Dix-neuvième année - Nouvelle édition. Les Hors-Textes de Tramezzinimag :

24 mars 2007

Albrecht, Leonardo et les autres

Dürer, on l'a vu, vint deux fois à Venise. Nombreux furent les artistes qui y sont venus, qui s'y sont installés et dont l’œuvre en a été changée. Léonard de Vinci travailla à Venise. on sait que le 3 mars 1500, il était chez le facteur d'orgue Lorenzo Gugnasco à qui il montra le portrait au fusain de la belle Isabelle d'Este qu'il venait de réaliser à Mantoue. Il était accompagné par son ami, le mathématicien Fra Luca Pacioli précurseur de la comptabilité moderne, qui était déjà relativement célèbre à Venise après un cours de géométrie qu'il donna dans l'église San Bartolomeo et qui attira de nombreux intellectuels de la ville. Son traité des proportions servit beaucoup à Léonard qui illustra l'édition vénitienne de ses œuvres. On a tellement de détails sur les journées de Léonard à Venise qu'on pourrait presque écrire le journal de sa vie vénitienne. Le vin bu en compagnie du Capitaine de galère Alvise Salomon, Provéditeur de San Marco qui se rendit célèbre dans la lutte contre les turcs qui expliqua à l'artiste ses théories de stratégie navale, le connétable de la République à de Ravennes Marco da Rimino, le chanoine des Sti apostoli, un certain Stefano Chigi, le juriste Antonio Frisi, garde des sceaux du doge, et le fameux Fra Giocondo archéologue et féru d'antiquités qui fut l'un des plus grands architectes civils et militaires de l'époque.

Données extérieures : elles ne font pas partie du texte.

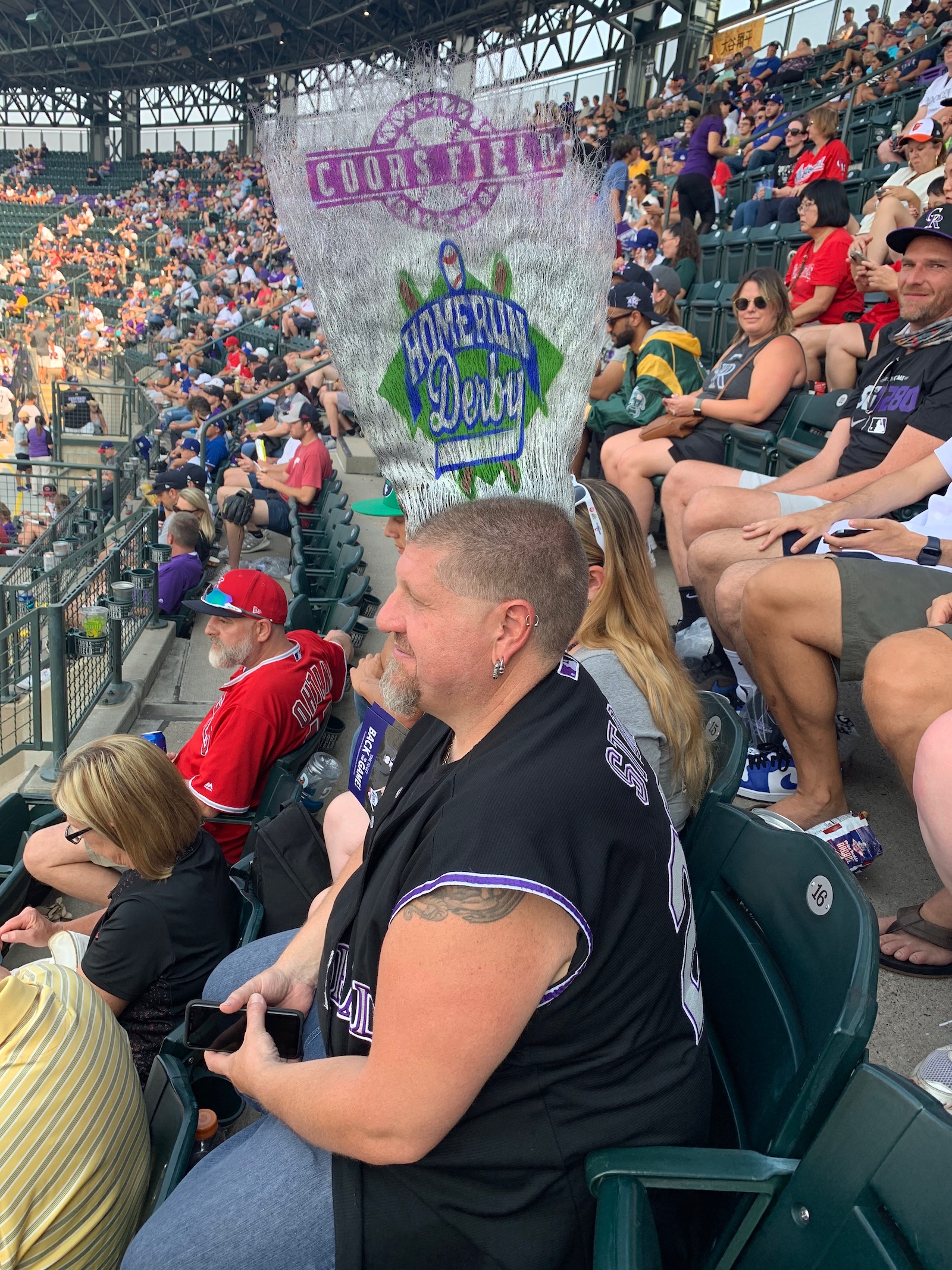 Crowds stream into Coors Field, home of the Colorado Rockies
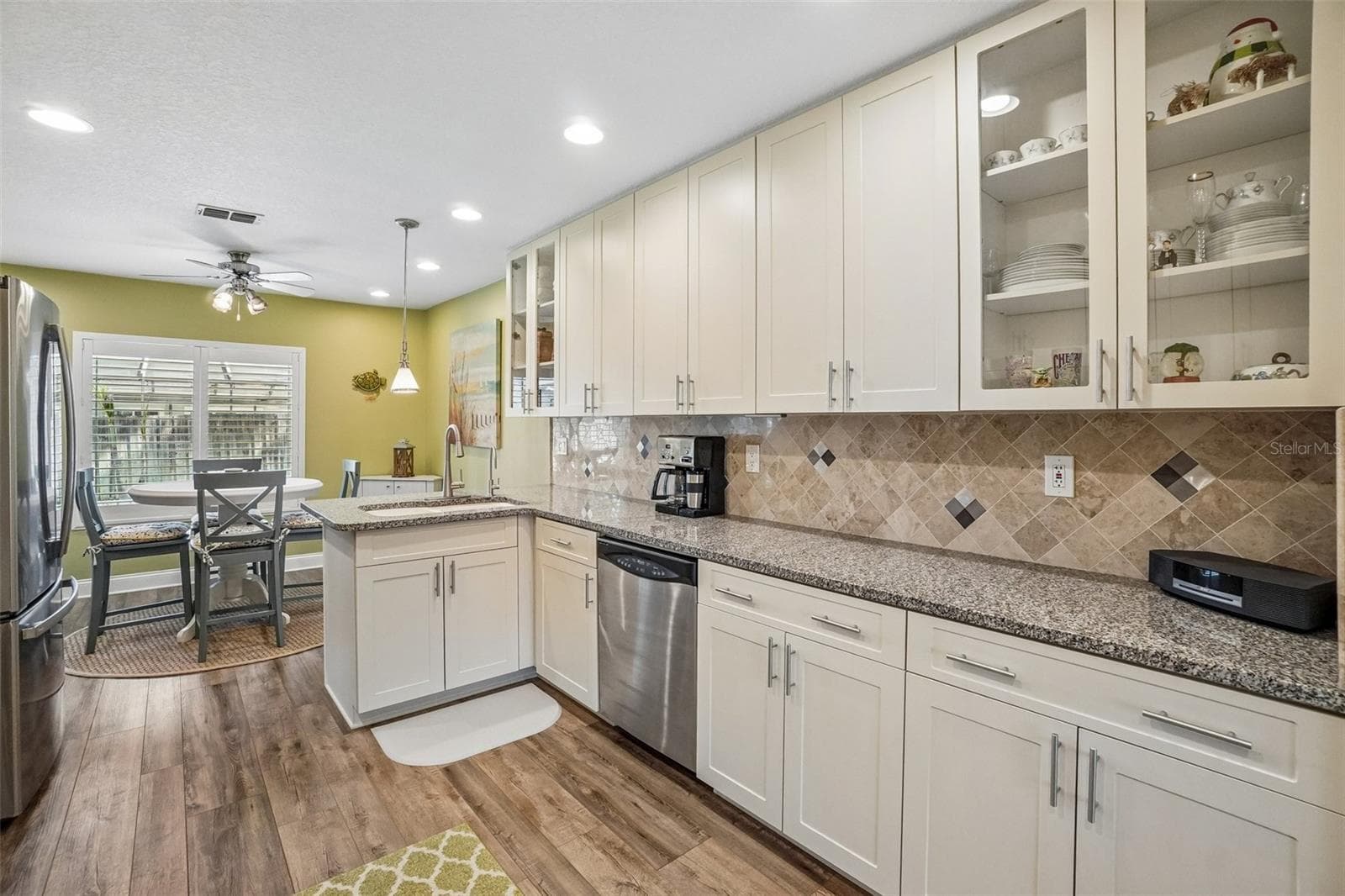 Kitchen – Another kitchen view highlights generous counter space, plentiful cabinetry including glass-front display cabinets, stainless steel appliances, and an open connection to the breakfast nook. - 971 CORTLAND WAY, PALM HARBOR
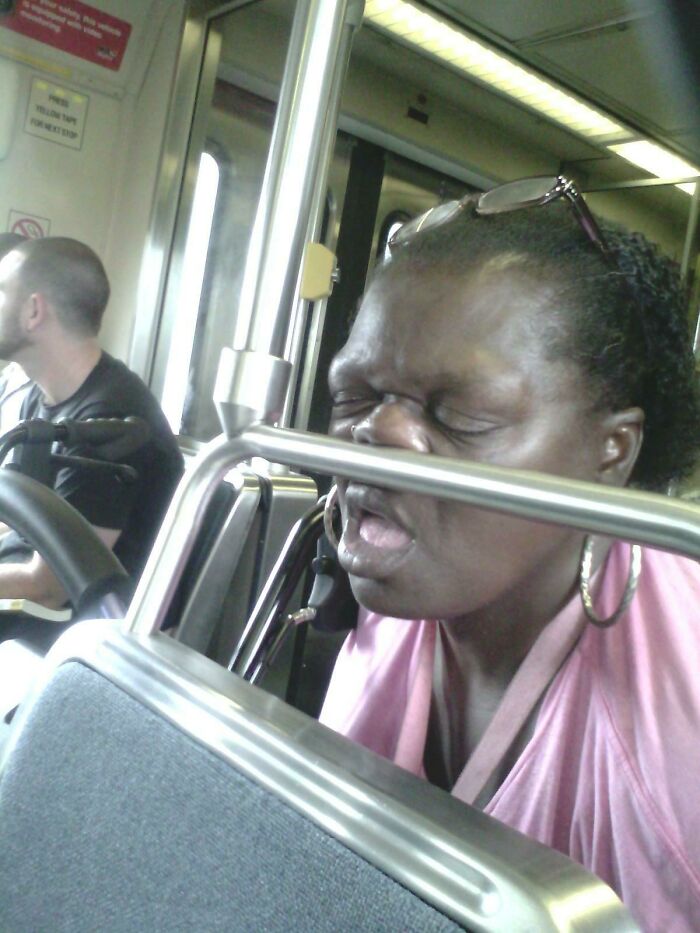 A sleeping passenger with her face pressed against a metal bar in a public transport train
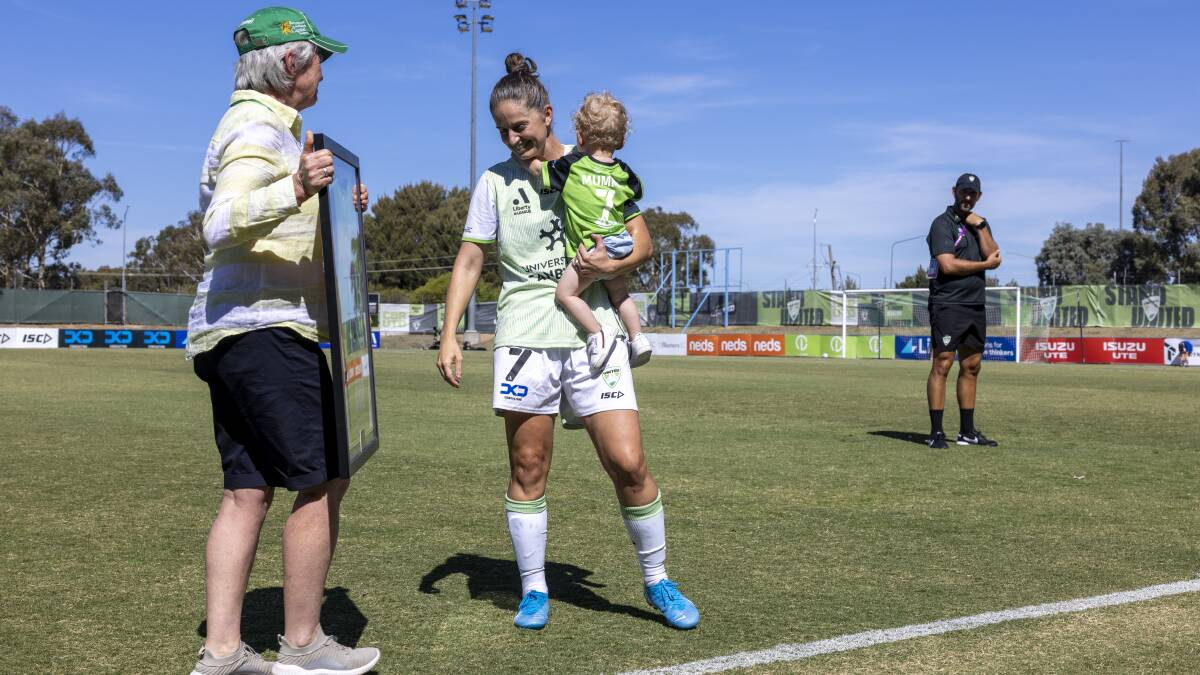 Heather Reid was in town on the weekend to present veteran Ellie Brush a commemorative jersey in her final home game before retiring at the end of the season. Picture by Keegan Carroll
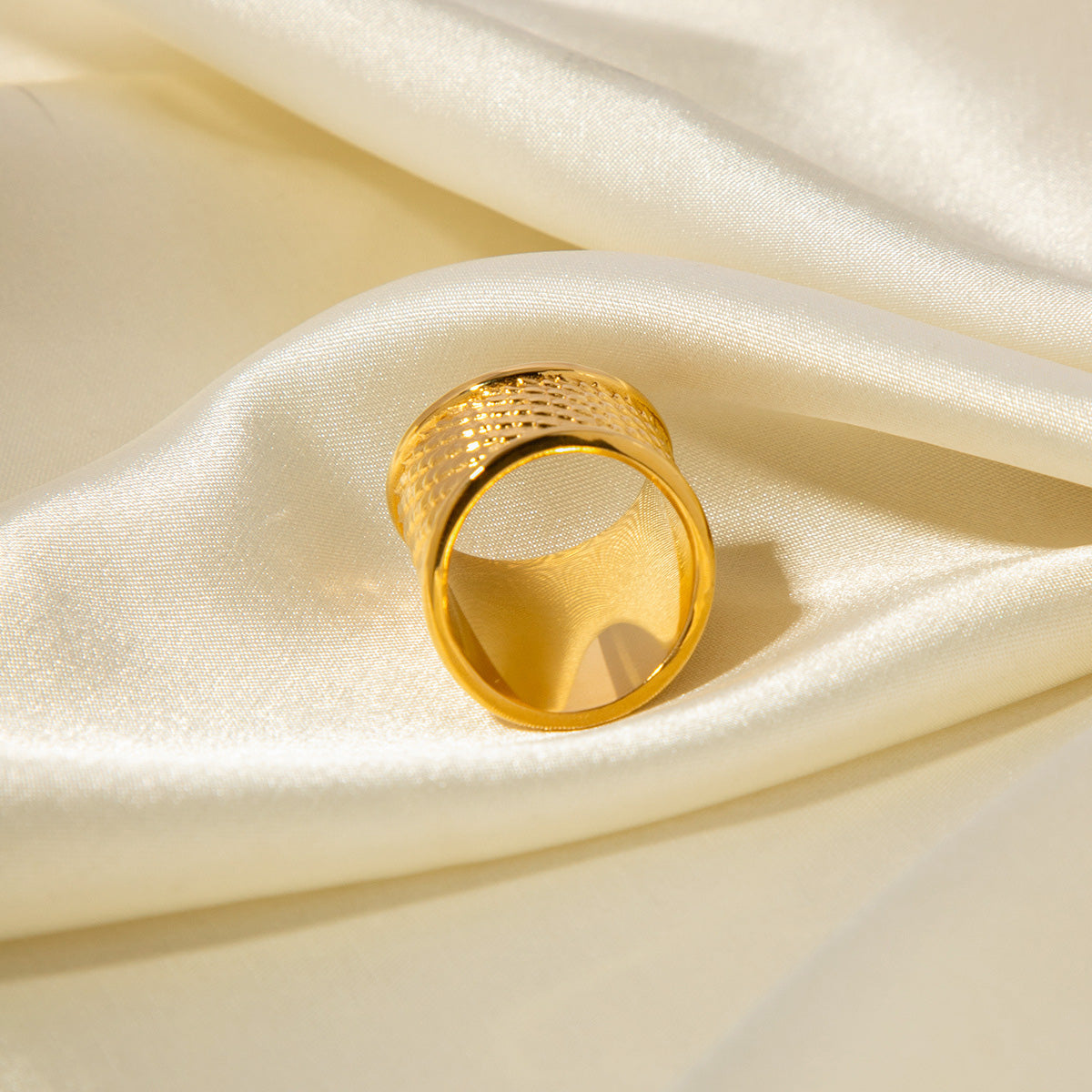 A gold-plated stainless steel ring with a detailed snakeskin texture resting on a soft, cream-colored fabric.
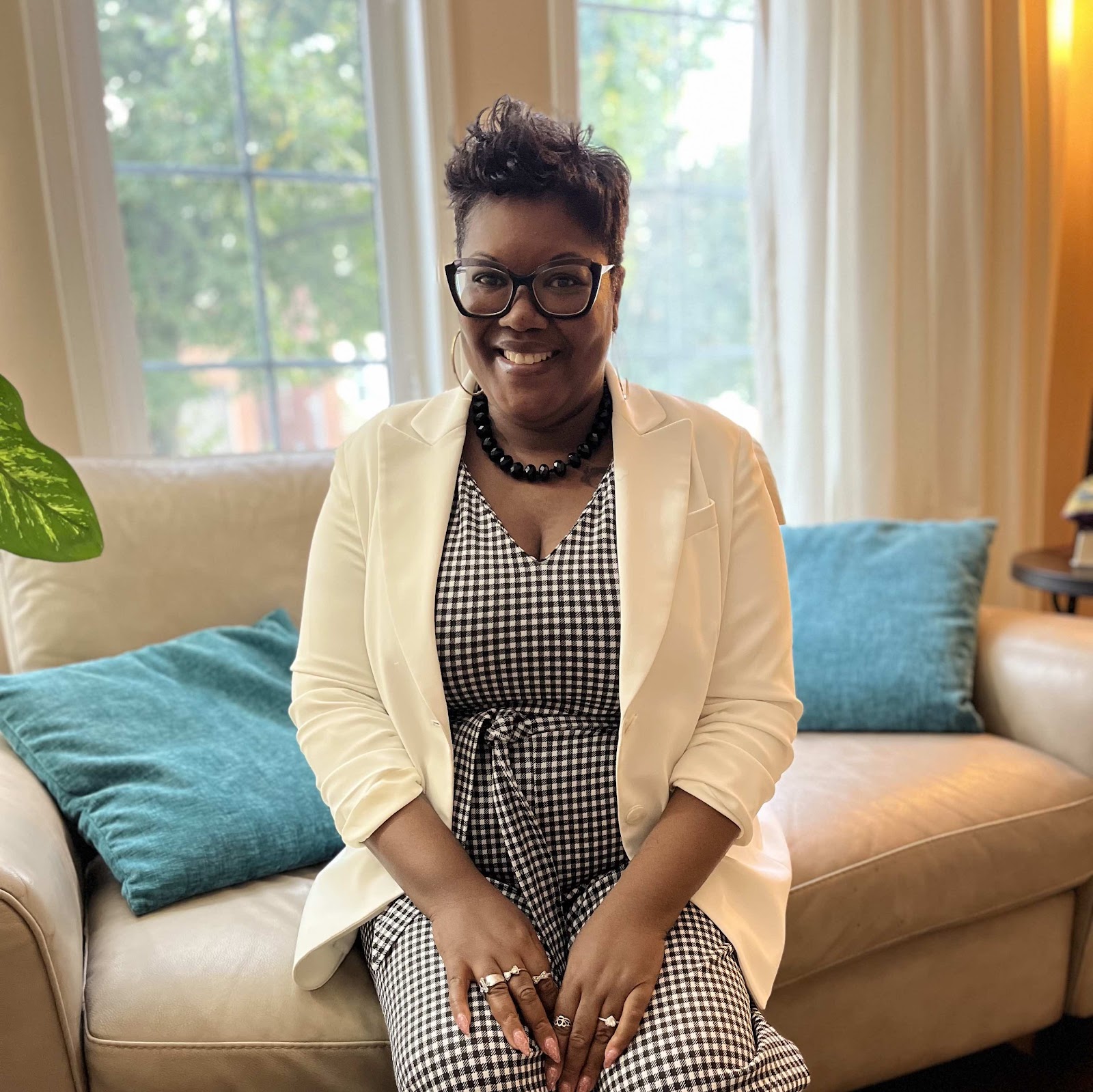 Onika L. Dainty smiling while seated in a bright room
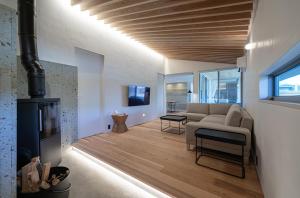 a living room with a couch and a fireplace at Sou in Isahaya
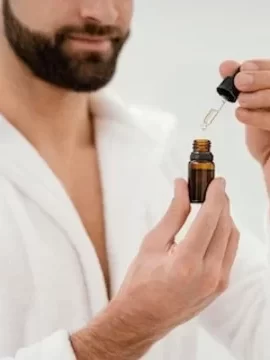 Man using muuchstac herbal skin lightening oil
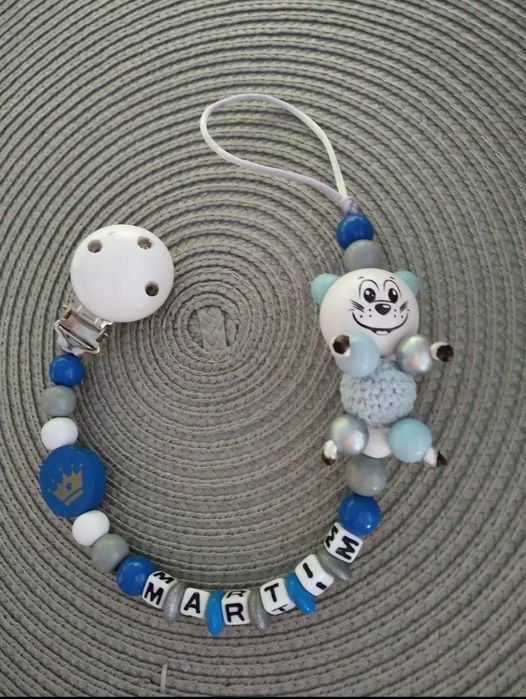 Prendedores de chupeta e porta chaves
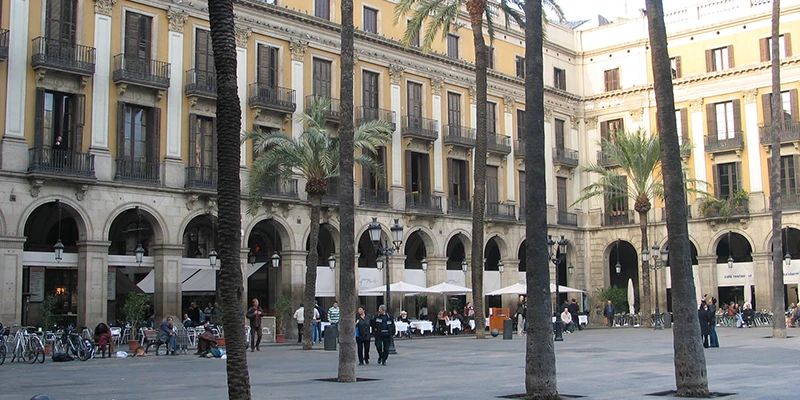 Plaça Reial at dusk with palm trees, lampposts and busy outdoor cafes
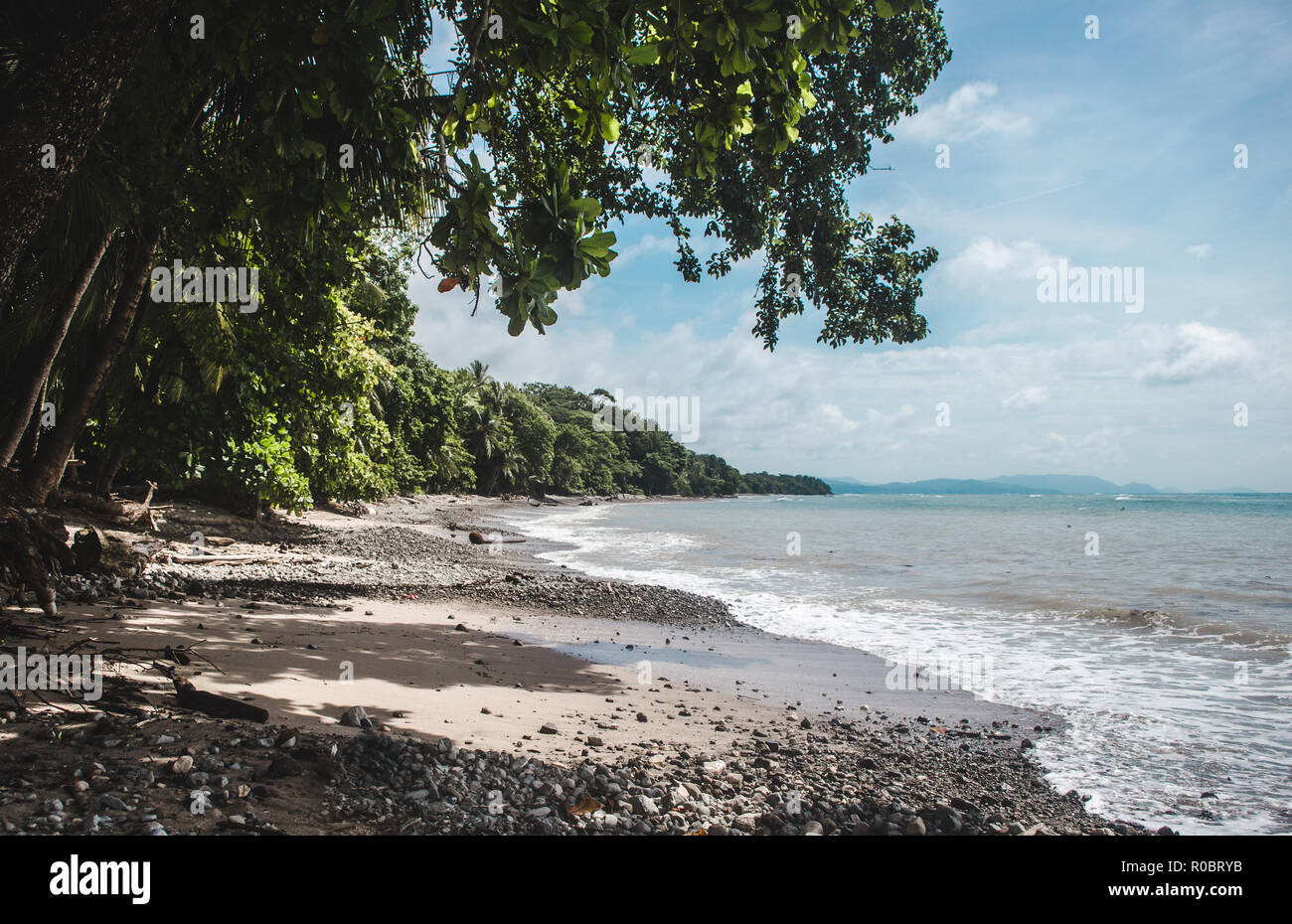 Dense forest gives way to a dark stony beach on the cape of the Nicoya Peninsula in Costa Rica, near Manzanillo Stock Photo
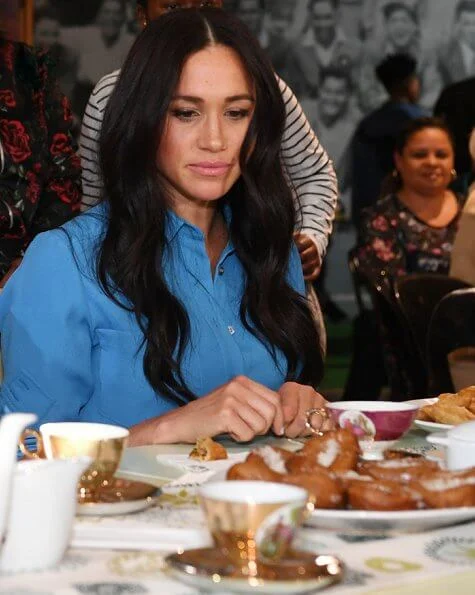 Meghan Markle wore Veronica Beard Sky Blue Cara dress. Duchess is in the same dress she wore on tour in Tonga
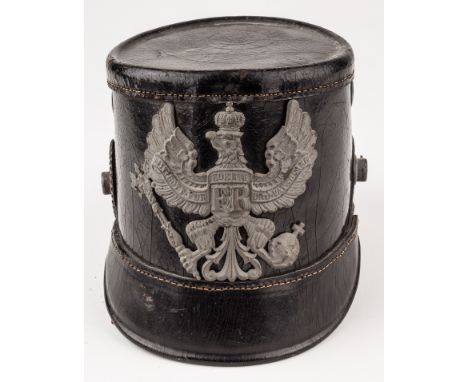 PRUSSIAN SHAKOImperial German enlisted man's shako, constructed of lacquered black leather, bearing a metal "wappen", or helm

L'écrivain Diego Valeri a laissé un compte-rendu des séjours du peintre tellement détaillé qu'on croirait lire le scénario d'un film documentaire. Quelle période extraordinaire où les esprits les plus brillants du moment mettaient en commun leurs intuitions et leurs réflexions pour éclairer l'humanité. Le Sénat de Venise ne s'y trompait pas qui accueillait à bras ouverts ces jeunes savants, artistes, penseurs et philosophes qui en faisant sortir l'humanité de l'obscurantisme médiéval (cela serait à nuancer) pouvait servir les intérêts de la République.

 
C'est ce qu'exprime ce tableau représentant le célèbre moine mathématicienen train de travailler. Mystérieuse peinture dont on ne sait pas grand chose. Le jeune homme aux longs cheveux frisés et aux vêtements soignés passait pour être Léonard de Vinci au moment où les deux hommes livrèrent à l'éditeur les épreuves du fameux traité de mathématiques en même temps qu'ils donnaient des conférences révolutionnaires. Mais aujourd'hui puisqu'on est certain que l'auteur de ce tableau n'est autre que Jacopo da Barbari, le jeune homme au second plan est certainement Albrecht Dürer qui s'intéressa lui aussi aux travaux de Fra Pacioli. 
 
En revanche on s'accorde toujours pour dire que le volume en verre ou en mica au premier plan, appelé polyhèdre pour faire savant à mon tour, aurait été peint par Léonard de Vinci qui se rendit plusieurs fois dans l'atelier de Barbari. C'est d'ailleurs à Venise qu'il commença sa fameuse Sainte Anne avant de repartir pour Milan et Florence. 
 
On voit combien tout ce petit monde de la Renaissance évoluait ensemble, se stimulant par leurs travaux communs mais aussi leurs parties de plaisir. on imagine ainsi ces jeunes gens se promener en barque sur les canaux, rendre visite à leurs aînés dont ils venaient entendre l'enseignement, sachant faire les courtisans quand il le fallait parce que sans les grands, les puissants leur art, leur science, leur recherche n'étaient rien. Imaginez combien Venise devait être animée : les artistes dans leurs boutiques, les savants dans leurs salles d'étude, les imprimeurs devant leurs presses, les moines dans les bibliothèques recopiant les antiques et les riches marchands ramenant sans cesse de nouveaux documents, des pièces uniques d'archéologie, et les jeunes femmes séduites par tous ces beaux esprits qui participaient souvent aux réunions savantes et illuminaient les bals de leur rayonnante beauté.